Les opérations avec des clients étrangers ne donnent pas lieu à une facture électronique, mais elles sont concernées par l'obligation d'e-reporting.
Cela signifie que le prestataire devra transmettre des données de transaction (et, pour les prestations de services, des données de paiement) à l'administration fiscale via sa plateforme agréée.
Pour faire des factures sans TVA, il faut d’abord inclure l’ensemble des mentions obligatoires sur une facture classique. Utiliser un modèle de facture ou passer par un logiciel de facturation limite les risques d’oublis et de sanctions.
Il est ensuite nécessaire d’ajouter la mention légale correspondant à la situation qui justifie l’absence de TVA :
Une facture sans TVA qui ne porte pas de mention explicite est une facture incorrecte. Elle peut faire l’objet de sanctions de la part de l’administration fiscale.
Un professionnel en franchise peut basculer dans le régime normal dès qu'il dépasse les seuils. Une activité exonérée reste exonérée indépendamment du chiffre d'affaires.
En sous-traitance BTP ou pour les prestations de services B2B intracommunautaire, le principe de l’autoliquidation prévaut. Déclarer la TVA à tort à la place de son client entraîne des anomalies fiscales passibles de sanctions.
Les règles diffèrent selon la qualité du client, sa localisation géographique et la nature des opérations. Une grande rigueur est donc nécessaire pour gérer ces situations.
Ne pas collecter la TVA ne dispense pas des obligations liées à la réforme. La lutte contre la fraude à la TVA étant au cœur de la réforme, l'administration sera particulièrement attentive à la traçabilité des flux.
En tant qu’entreprise, vous pouvez recevoir des factures sans TVA. Voici la conduite à tenir pour s’assurer que le document est en règle.
Commencez par vérifier si la facture comporte une mention légale explicite (franchise, exonération, autoliquidation). L'absence de mention sur une facture sans TVA est une anomalie. S’il s’agit d’une opération intra-UE, vérifiez également que le numéro de TVA intracommunautaire du vendeur ou prestataire est présent.

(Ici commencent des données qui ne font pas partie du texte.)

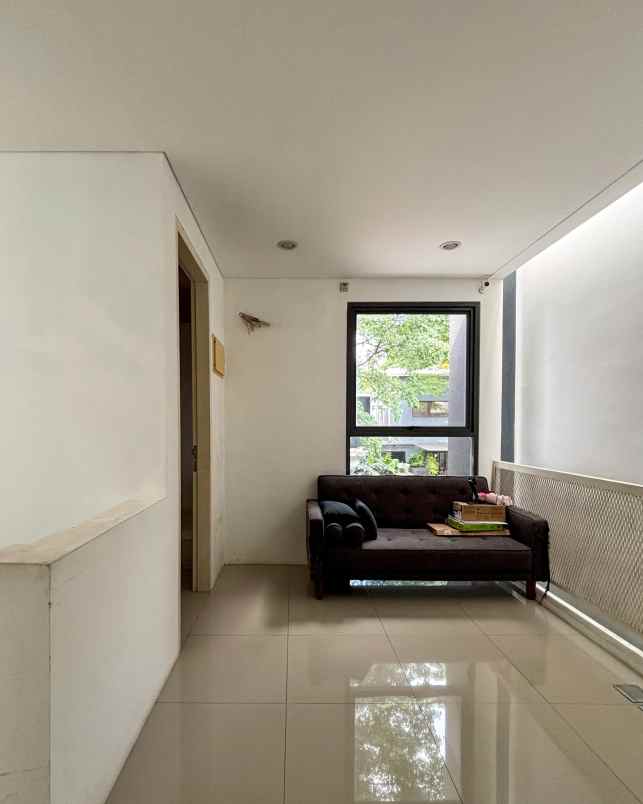 rumah secondary minimalis di veteran bintaro jaksel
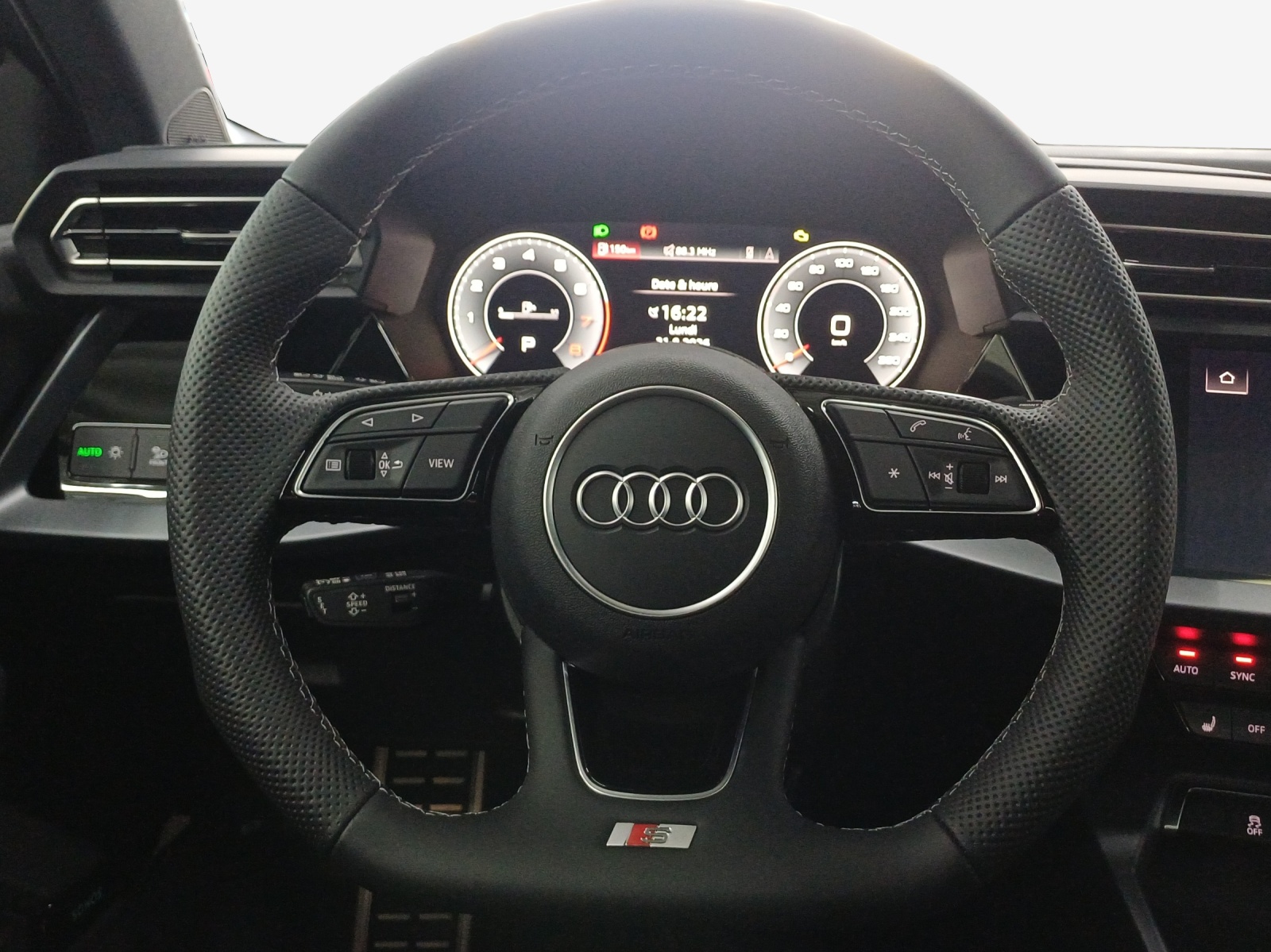 AUDI A3 Sportback TFSI 110 kW S line Attraction S tronic-image-9
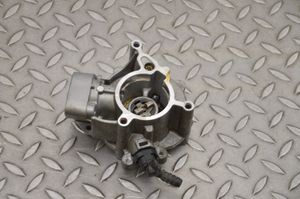 Audi Q3 8U Alipainepumppu 06L145100F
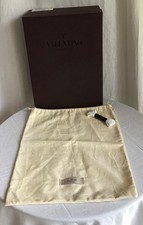 Boîte à chaussures vide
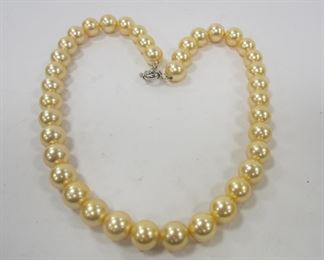 FAUX PEARL PEACH TONE NECKLACE 18"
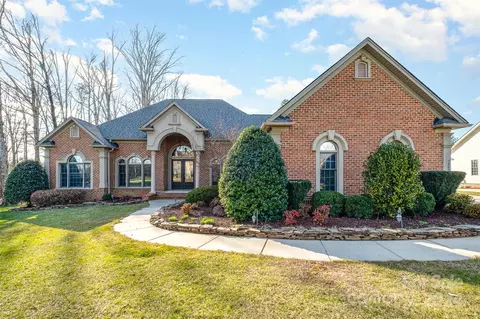 2469 Stoneview Ct, Denver, NC 28037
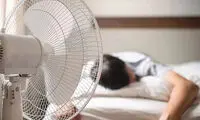 اگر شب‌ها جلوی پنکه می‌خوابید، حتماً این نکات را بخوانید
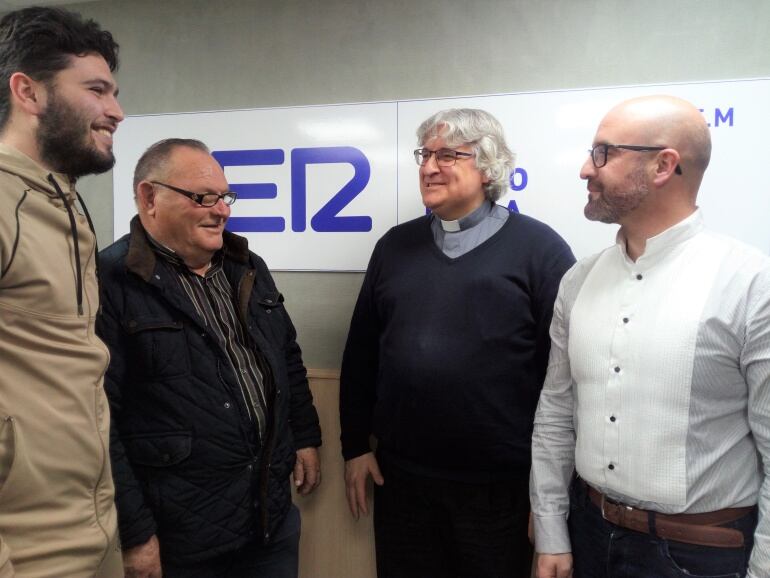 Francisco Martínez, coordinador de la representación, Juan Agost, párroco de Santa Ana, Gabriel Gil, actor que interpreta el papel de Jesús de Nazaret, y Manuel Martínez, presidente de la Asociación de Vecinos barrio Numancia, en Radio Elda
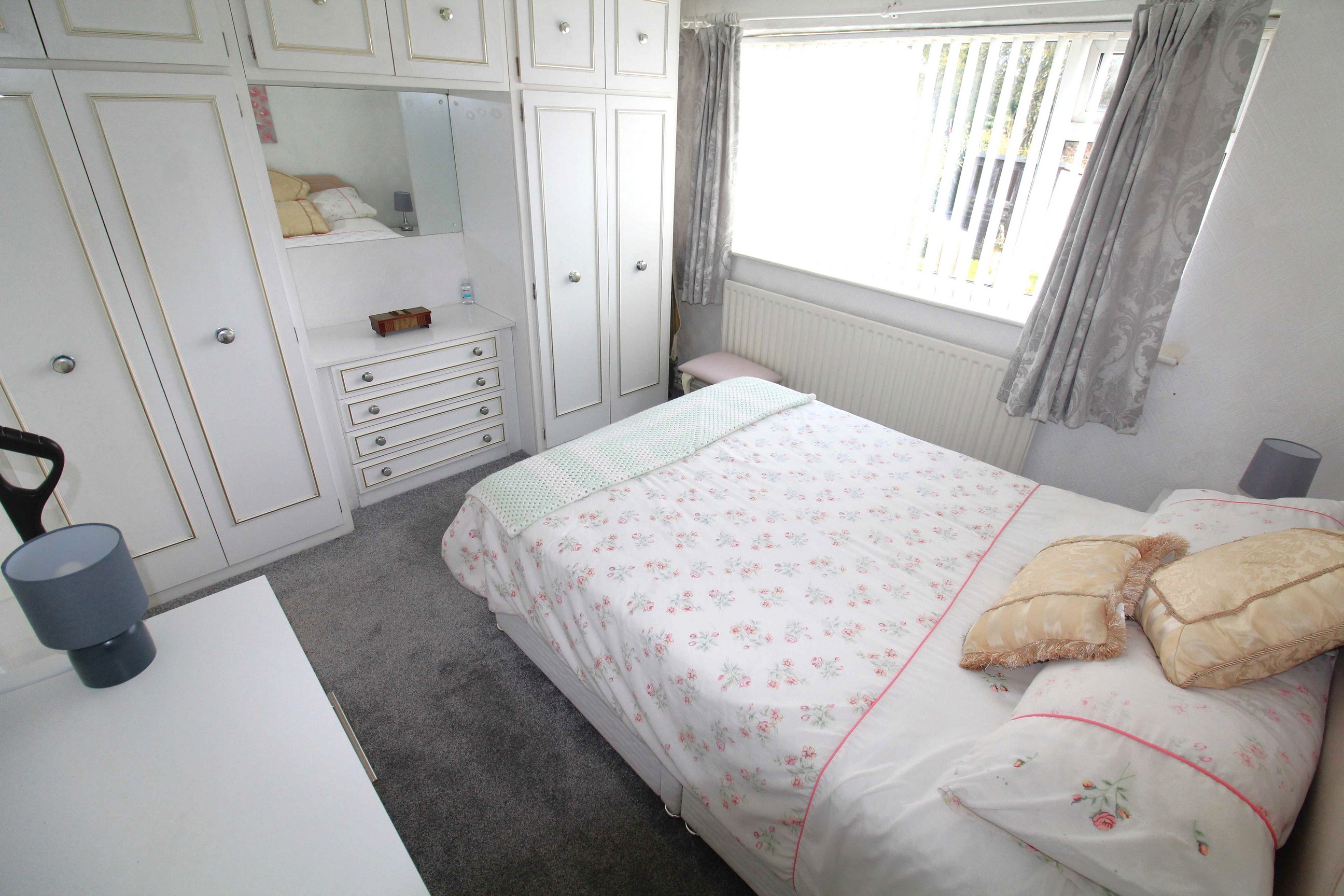 2 bed Detached Bungalow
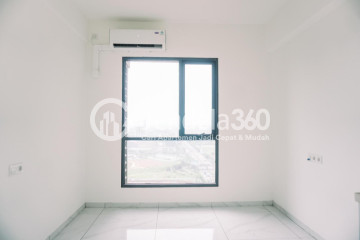 Bedroom Modern Studio Apartment High Floor with  View at Sky House Alam Sutera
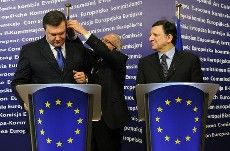 Зону свободной торговли с ЕС застопорила украинская «демократия»?
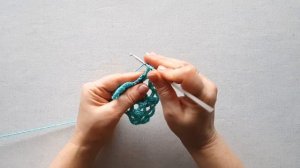 КЛАССИЧЕСКАЯ ШАЛЬ КРЮЧКОМ. Сетка крючком с пышными столбиками.  МК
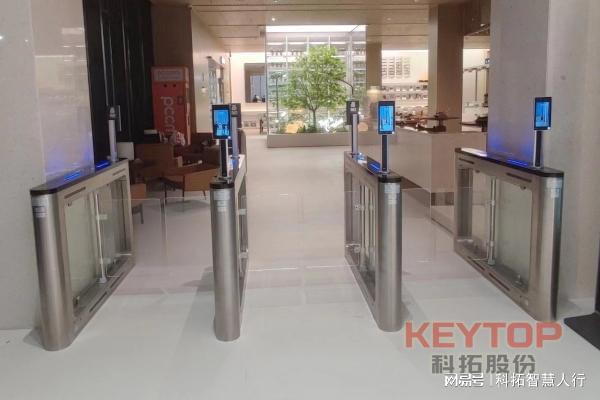 18新利luck河北石家庄人脸辨认门禁体系、人行通道摆闸翼闸三辊闸厂家(图2)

Oui, si les mentions obligatoires sont absentes ou incorrectes au regard de la législation locale. Une facture mal rédigée peut vous exposer en cas de contrôle, notamment si vous avez déduit de la TVA ou devez autoliquider sur la base d'une facture non conforme.
En cas d’autoliquidation, vous devez déclarer vous-même la TVA sur l'opération (en débit et en déductible simultanément). S’il s’agit d’une franchise ou d’une exonération, l’opération n’a pas d'impact sur votre déclaration de TVA.
En résumé, facturer sans TVA est parfaitement légal dans de nombreuses situations, à condition d'identifier le régime applicable et de respecter les mentions obligatoires. Franchise en base, exonération, autoliquidation ou opérations internationales : chaque cas répond à des règles spécifiques qui influencent à la fois votre facturation, vos échanges avec vos clients et vos obligations déclaratives. S’équiper d’un logiciel de facturation ou d’une plateforme agréée adaptée sécurise la création de vos factures sans TVA.